一拓巳



「ただいまー」
「おかえりー」
 家に帰ると、今日は風邪で学校を休んだ双子の兄、拓耶が出迎えてくれる。
「…っつーか、拓耶、立って平気なのかよ」
「喉痛いけど、それなりに大丈夫。あれ、マフラーは? 忘れてきちゃった?」
 今日は、拓耶がいつもしているマフラーを俺に貸してくれていた。
 相当のお気に入りなんだろう。
「人にやった」
「えー! なんで? 俺のなのにっ」
 やっぱり怒ってる?
 つい、笑いそうになってしまう。
「笑いごとじゃないよ、拓巳っ」
 あぁ、俺、軽く笑ってた?
「もー! 人が貸した物を勝手にあげちゃうなんて…っ。
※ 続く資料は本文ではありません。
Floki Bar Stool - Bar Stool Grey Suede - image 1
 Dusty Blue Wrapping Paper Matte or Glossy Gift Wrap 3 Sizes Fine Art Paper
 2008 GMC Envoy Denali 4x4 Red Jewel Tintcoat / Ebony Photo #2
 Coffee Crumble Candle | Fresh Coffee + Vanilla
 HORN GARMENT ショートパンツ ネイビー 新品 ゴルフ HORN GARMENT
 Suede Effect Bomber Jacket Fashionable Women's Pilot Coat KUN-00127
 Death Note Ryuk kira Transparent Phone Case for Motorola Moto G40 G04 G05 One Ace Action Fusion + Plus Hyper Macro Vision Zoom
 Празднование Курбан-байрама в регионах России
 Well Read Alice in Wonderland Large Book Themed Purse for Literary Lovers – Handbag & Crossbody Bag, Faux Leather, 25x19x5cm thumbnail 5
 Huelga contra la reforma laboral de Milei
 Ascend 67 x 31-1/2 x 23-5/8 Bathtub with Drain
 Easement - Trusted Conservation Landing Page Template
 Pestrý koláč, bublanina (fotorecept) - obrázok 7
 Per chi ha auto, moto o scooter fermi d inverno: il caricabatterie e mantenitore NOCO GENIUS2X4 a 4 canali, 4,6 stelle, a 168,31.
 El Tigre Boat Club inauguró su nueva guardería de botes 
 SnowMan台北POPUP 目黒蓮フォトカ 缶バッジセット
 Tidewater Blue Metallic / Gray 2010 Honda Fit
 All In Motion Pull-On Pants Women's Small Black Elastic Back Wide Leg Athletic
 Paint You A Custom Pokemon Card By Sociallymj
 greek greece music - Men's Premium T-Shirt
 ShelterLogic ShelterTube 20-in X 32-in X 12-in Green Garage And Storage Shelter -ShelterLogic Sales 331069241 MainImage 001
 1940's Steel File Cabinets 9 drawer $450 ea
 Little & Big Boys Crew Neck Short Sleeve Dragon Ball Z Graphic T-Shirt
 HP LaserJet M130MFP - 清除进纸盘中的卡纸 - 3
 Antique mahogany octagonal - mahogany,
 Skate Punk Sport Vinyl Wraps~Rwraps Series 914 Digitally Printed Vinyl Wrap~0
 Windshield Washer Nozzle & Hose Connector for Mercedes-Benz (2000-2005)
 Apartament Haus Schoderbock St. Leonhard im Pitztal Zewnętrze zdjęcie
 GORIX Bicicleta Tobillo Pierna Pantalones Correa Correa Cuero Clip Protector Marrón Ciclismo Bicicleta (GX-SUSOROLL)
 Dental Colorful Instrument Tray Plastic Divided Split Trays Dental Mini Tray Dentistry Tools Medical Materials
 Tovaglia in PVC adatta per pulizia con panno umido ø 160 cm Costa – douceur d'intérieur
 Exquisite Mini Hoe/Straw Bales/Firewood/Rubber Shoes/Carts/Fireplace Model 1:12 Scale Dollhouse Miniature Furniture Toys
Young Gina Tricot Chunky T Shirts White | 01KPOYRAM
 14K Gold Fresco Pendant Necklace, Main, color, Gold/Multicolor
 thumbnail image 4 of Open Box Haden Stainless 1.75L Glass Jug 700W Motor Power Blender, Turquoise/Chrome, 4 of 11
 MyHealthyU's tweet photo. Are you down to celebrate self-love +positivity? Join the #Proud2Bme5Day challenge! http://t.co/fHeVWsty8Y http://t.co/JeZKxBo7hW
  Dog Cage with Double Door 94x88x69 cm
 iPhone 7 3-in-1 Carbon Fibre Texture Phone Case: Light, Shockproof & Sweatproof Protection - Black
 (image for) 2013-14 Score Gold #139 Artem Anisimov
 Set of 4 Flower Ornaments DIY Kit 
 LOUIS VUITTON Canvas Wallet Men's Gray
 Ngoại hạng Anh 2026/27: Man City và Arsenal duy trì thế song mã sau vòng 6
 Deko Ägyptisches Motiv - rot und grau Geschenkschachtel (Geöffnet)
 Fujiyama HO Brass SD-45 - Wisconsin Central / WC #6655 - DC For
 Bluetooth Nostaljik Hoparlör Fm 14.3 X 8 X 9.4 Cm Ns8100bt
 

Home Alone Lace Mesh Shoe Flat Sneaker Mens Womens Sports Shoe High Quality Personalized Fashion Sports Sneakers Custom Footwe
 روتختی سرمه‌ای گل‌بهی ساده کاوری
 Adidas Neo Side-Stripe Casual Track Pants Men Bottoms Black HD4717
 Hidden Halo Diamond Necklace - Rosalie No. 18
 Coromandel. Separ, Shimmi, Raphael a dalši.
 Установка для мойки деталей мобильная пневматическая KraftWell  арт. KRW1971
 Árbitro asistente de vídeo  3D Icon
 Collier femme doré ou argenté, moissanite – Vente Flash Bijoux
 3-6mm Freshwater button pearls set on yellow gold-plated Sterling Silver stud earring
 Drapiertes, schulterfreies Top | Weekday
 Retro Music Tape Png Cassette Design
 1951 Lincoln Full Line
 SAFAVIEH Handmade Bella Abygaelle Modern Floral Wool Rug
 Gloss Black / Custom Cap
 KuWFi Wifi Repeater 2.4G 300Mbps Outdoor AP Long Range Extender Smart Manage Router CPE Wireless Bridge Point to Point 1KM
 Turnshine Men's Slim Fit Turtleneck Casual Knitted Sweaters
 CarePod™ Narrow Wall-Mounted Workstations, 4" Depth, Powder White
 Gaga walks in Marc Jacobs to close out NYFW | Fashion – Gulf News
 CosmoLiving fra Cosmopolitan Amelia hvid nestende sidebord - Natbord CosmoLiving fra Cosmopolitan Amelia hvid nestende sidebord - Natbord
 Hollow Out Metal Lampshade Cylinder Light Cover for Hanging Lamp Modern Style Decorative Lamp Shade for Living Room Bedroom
無くしたって言われた方がまだよかったよ」
「悪ぃ。陸が寒そうにしてたから」

 そう言うと、いままで怒っていたのが嘘のようにコロっと笑顔を見せる。
「なんだ、陸だったの。ありがと」
「ありがと、ってなに?」  

「いや、ほっといたら風邪引いてたかもしんないし。あげてくれてよかった」
 あぁ。
 そういうことか。
「陸、すっげぇマフラー喜んでた」
「ホント? 明日、してきてくれるかな」
「どうだろう? …なぁ…あげてもよかった?」
「いいよ。陸なら」  

 なんだかんだで、こいつも絶対、陸のこと好きなんだろうなぁ。